By Alan Caruba
Over the years, Americans and others around the world have been subjected to a barrage of absurd claims about beef production and consumption that, in a rational world, should be dismissed on sight.
We have witnessed how, with enough money and sufficient coordinated effort, vast portions of the world’s population, along with their elected leaders, can be convinced the Earth faces destruction because we eat meat. These scare tactics are without factual support.
Recent False Claims
Let’s briefly examine recent claims about beef production and consumption.
In 2006, the United Nations’ Food and Agriculture Organization issued a report, “Livestock’s Long Shadow,” linking the worldwide provision of meat in people’s diets to global warming, deforestation, land erosion, air and waterpollution, and a host of other alleged harms the report claimed could be curtailed only by drastically scaling back the raising of livestock and eating of meat.
The animal rights advocacy group People for the Ethical Treatment of Animals (PETA) has long maintained a campaign against those who raise livestock and eat meat. PETA is an aggressive vegetarian group, fueled by an estimated annual budget of $30 million, famed for outrageous promotional campaigns designed to gain media attention. The gap between their claims and the truth is vast. Other think tanks and allied groups aid in the dissemination of lies about eating meat.
Here’s what you need to know when you encounter the anti-meat propaganda.
Global Warming Scares
The Earth’s recent warming began when the Little Ice Age ended in 1850. It has been completely natural and repeats the same cyclical warming periods that have occurred in the past. The claim of human greenhouse gas emissions creating a global warming crisis is based entirely on flawed computer modeling, particularly by the United Nations’ Intergovernmental Panel on Climate Change.
The computer model results, which have consistently overstated the warming that has occurred to date, have been dismissed by thousands of climatologists and meteorologists, some of whom were advisors to the IPCC but whose criticisms were ignored.
Similar claims that the world’s livestock and other animal emissions contribute to global warming are baseless. Fears surrounding atmospheric carbon dioxide levels have no basis in fact, as this and other greenhouse gases constitute a minuscule portion of the Earth’s atmosphere.
Environmental Damage Claims
Claims that the raising of livestock harms the environment are equally without merit.
More than half of all U.S. agricultural land is unsuitable for growing crops. Thus the grazing of cattle and other animals doubles the production of food products from the available land. Foraging animals such as cattle also help stabilize the soil and promote the expanded growth of grasses.
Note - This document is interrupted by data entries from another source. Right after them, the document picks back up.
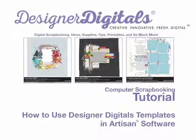Welcome to Designer Digital's Computer Scrapbooking Tutorials. In this tutorial, we'll show you how to use Designer Digital's templates in Artisan software.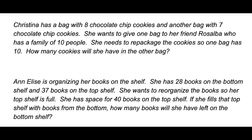The image I shared gave two examples for multiplication, but here are some for addition. Christina has a bag with 8 chocolate chip cookies and another bag with 7 chocolate chip cookies. She wants to give one bag to her friend Rosalba, who has a family of 10 people. She wants to repackage the cookies so one bag has 10 — how many cookies will she have in the other bag? Another example: Annalise is organizing her books on the shelf. She has 28 books on the bottom shelf and 37 on the top shelf. She wants to reorganize so her top shelf is full — she has space for 40 books. If she fills the top shelf with books from the bottom, how many books will she have left on the bottom shelf?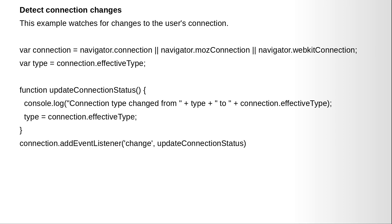Here is an example that watches changes for the user's connection. So let's try this in action.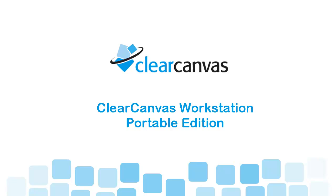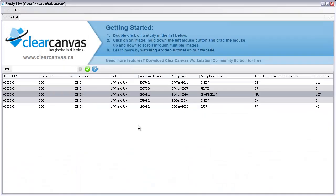Hi, my name is Jonathan and I'm a software developer at ClearCanvas. ClearCanvas Workstation Portable Edition is an easy to use image viewer that allows you to view the medical images on a CD, DVD or Blu-ray disc you just received. Using ClearCanvas Workstation Portable Edition is easy.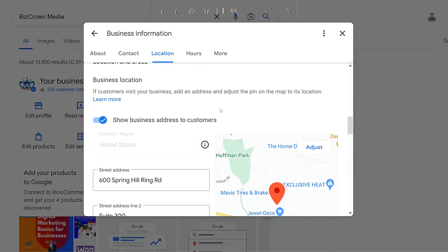But that's how you can change your address on Google Business Profile. If this was helpful, like the video and subscribe to our channel for more helpful tips.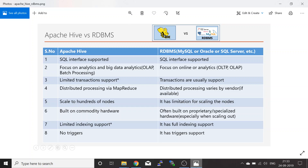In RDBMS, you have full indexing support. There are no triggers in Apache Hive, whereas in RDBMS you have trigger support.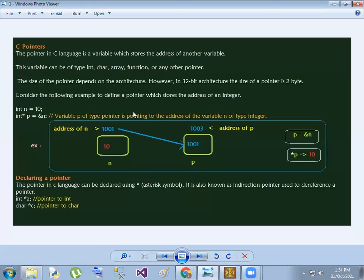The size of the pointer depends on the architecture — that means the CPU architecture or operating system. On a 32-bit architecture, the pointer size is 2 bytes by default.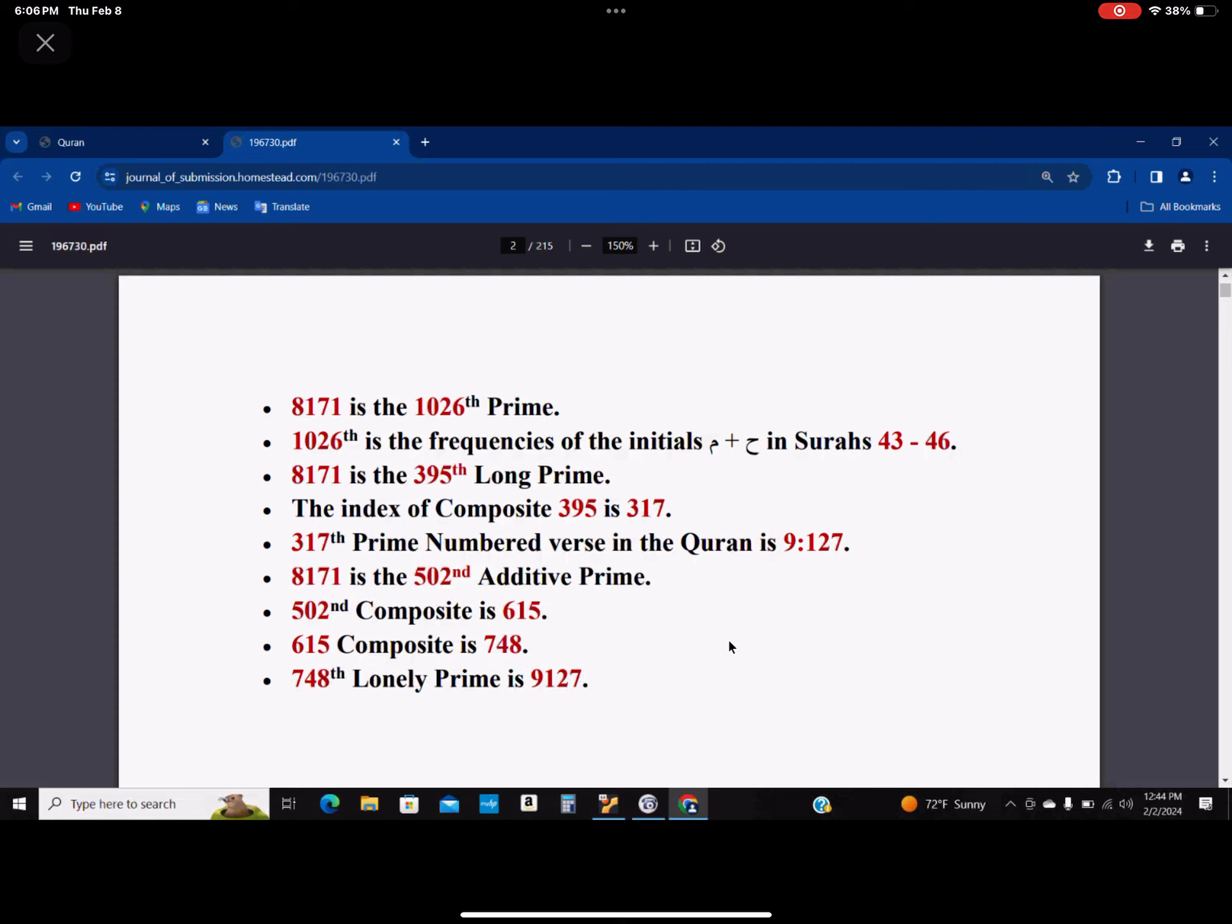Without any doubts about these things. Because, as I said, what you have to do is ask these questions. Forget about everybody else. Is this a coincidence somehow? That this guy is 395th long prime and 395 is 317th composite? And the 317th prime number verse in the Quran is 9127? There are 6346 verses in the Quran. Why this one?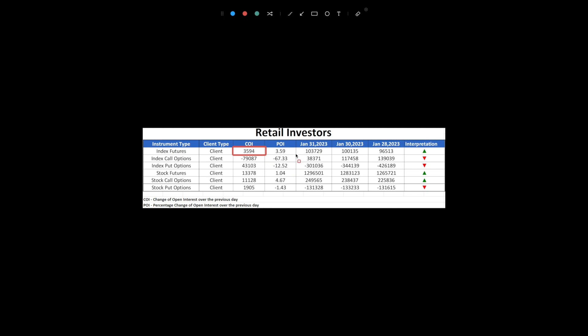Despite closing a significant number of long positions in index call options and covering a large number of short positions in index put options, the overall net position still indicates a bullish outlook from retailers.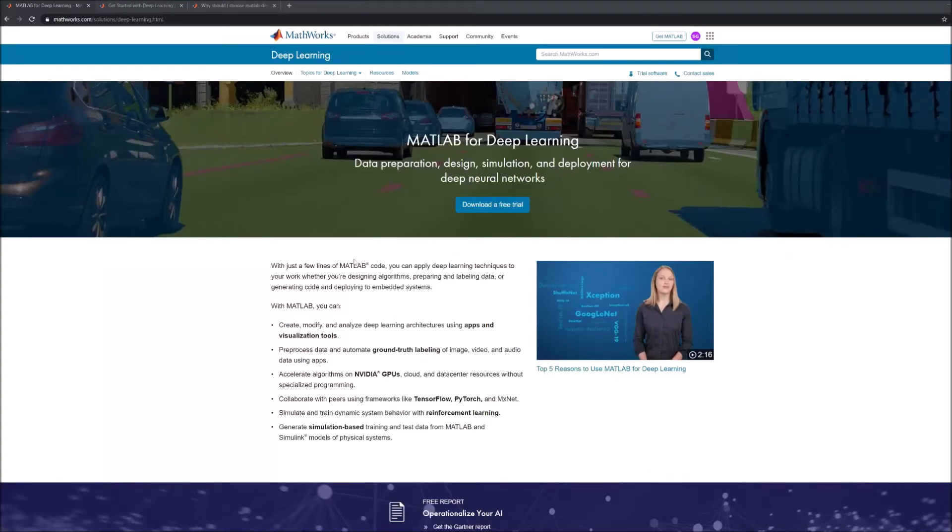Hi folks, welcome to this series on deep learning in MATLAB. In this series we will go over some basics of deep learning development in MATLAB and also cover some advanced features.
The nation’s 800,000 beef producers have a vested interest in being good stewards of the land, and they engage in a number of programs that ensure lands are properly maintained. Their livelihood, after all, relies on preserving a healthy, safe, and clean environment.
Human Health Myths
The claim that meat is bad for human health is surely the most scurrilous and damaging lie of all. This highly politicized claim is reflected in policies such as the nanny-state inventions of dietary guidelines issued by government agencies. These guidelines are primarily devoted to issues of weight gain or loss, but people come in different shapes and sizes, and a one-size-fits-all approach to proper nutrition is absurd.
A well-fed population is taller, has more energy, and has greater immunity to disease precisely because, in the case of meat, it receives more protein and a wide variety of life-enhancing vitamins and minerals. Naturally nutrient-rich foods such as lean beef ensure people receive more essential nutrients in fewer calories.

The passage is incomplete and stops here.